Pular para o conteúdo
OPRESSÕES

Futebol além das pedaladas: o “tô nem aí” que nos mata

Ana Luiza Montenegro, santista, e Mariana Coimbra, palmeirense, da Resistência Feminista/SP
Imagem contem 2 fotos horizontais. Na parte de cima, o jogador Robinho, com a camisa do Santos. Na debaixo, uma manifestação, com o carta Abaixo a cultura do estupro
Edição sobre fotos de George Campos/USP Imagens

A paixão em torcer para um time de futebol é algo inexplicável. Tem o poder de transformar um dia bom em ruim ou um dia ruim em excelente. Te faz pertencente a uma comunidade de estranhos que compartilham com você uma parte da vida. Você sente amor, lealdade e devoção por seu clube. Apaixonado por ele, você o defende e o acompanha. Acha que ele tem algo de especial que mais nenhum outro time no mundo tem.

Torcer por um time é também torcer por ídolos, por aqueles jogadores que se destacam na história do clube, seja por sua lealdade, conquista de títulos, gols, defesas, dribles ou pedaladas. Que privilégio é ver um ídolo jogando! Alguns ídolos se tornaram tão grandes quanto o time que representavam. Pelé e Santos. Sócrates e Corinthians. Rogério Ceni e São Paulo. Ademir da Guia e Palmeiras. Cada time tem seus imortais.

Por ser algo tão central na vida de tantas pessoas no Brasil e no mundo, o futebol é um dos maiores palcos a receber os nossos olhares atentos. Quando o Marinho ou o Aranha denunciam o racismo dentro de campo, eles colocam essa realidade em pauta. A sociedade ganha. Quando o Santos anuncia a contratação de um jogador processado e condenado em primeira instância por estupro coletivo, a sociedade perde, e muito.
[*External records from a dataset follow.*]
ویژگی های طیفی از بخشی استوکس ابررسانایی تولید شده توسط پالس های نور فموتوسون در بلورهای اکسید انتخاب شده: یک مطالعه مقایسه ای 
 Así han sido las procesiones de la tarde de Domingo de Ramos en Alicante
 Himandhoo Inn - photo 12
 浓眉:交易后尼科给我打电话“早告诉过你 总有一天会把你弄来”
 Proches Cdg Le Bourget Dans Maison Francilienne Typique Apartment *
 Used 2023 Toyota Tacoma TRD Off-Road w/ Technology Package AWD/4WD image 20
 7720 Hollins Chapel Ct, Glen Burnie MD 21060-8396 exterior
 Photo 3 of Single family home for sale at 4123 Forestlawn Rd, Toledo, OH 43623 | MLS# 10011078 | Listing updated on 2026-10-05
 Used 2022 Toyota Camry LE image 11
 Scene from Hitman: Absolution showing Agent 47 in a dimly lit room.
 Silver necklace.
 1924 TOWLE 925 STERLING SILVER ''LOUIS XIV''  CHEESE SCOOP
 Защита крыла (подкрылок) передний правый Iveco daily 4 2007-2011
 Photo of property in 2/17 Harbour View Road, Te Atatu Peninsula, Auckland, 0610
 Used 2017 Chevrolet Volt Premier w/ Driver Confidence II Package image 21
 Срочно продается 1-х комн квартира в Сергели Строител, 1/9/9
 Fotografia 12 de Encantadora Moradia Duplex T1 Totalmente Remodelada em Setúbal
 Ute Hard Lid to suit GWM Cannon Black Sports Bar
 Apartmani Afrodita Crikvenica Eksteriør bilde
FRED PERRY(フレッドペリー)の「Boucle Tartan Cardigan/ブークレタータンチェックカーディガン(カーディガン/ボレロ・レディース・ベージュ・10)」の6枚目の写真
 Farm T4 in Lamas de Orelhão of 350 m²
O futebol não se dissocia do machismo que estrutura nossa forma de viver. Mais do que isso, muitas vezes o aprofunda, considerando o lugar comum, ainda não superado, que o entende como proibido para as mulheres. O futebol para além do campo constitui uma série de relações sociais nas quais os padrões de masculinidade são exaltados, o que inevitavelmente alimenta a misoginia. Assim, espaços de sociabilidade frequentado por jogadores facilmente estruturam relações de poder e opressão, no qual o corpo da mulher é como um objeto, passível de qualquer violência. Não à toa, na história recente, são inúmeros os casos de jogadores envolvidos em casos de violência contra a mulher. No entanto, quase sempre recebem os olhares complacentes de parte da torcida, dos clubes e patrocinadores e de algumas vozes da imprensa esportiva.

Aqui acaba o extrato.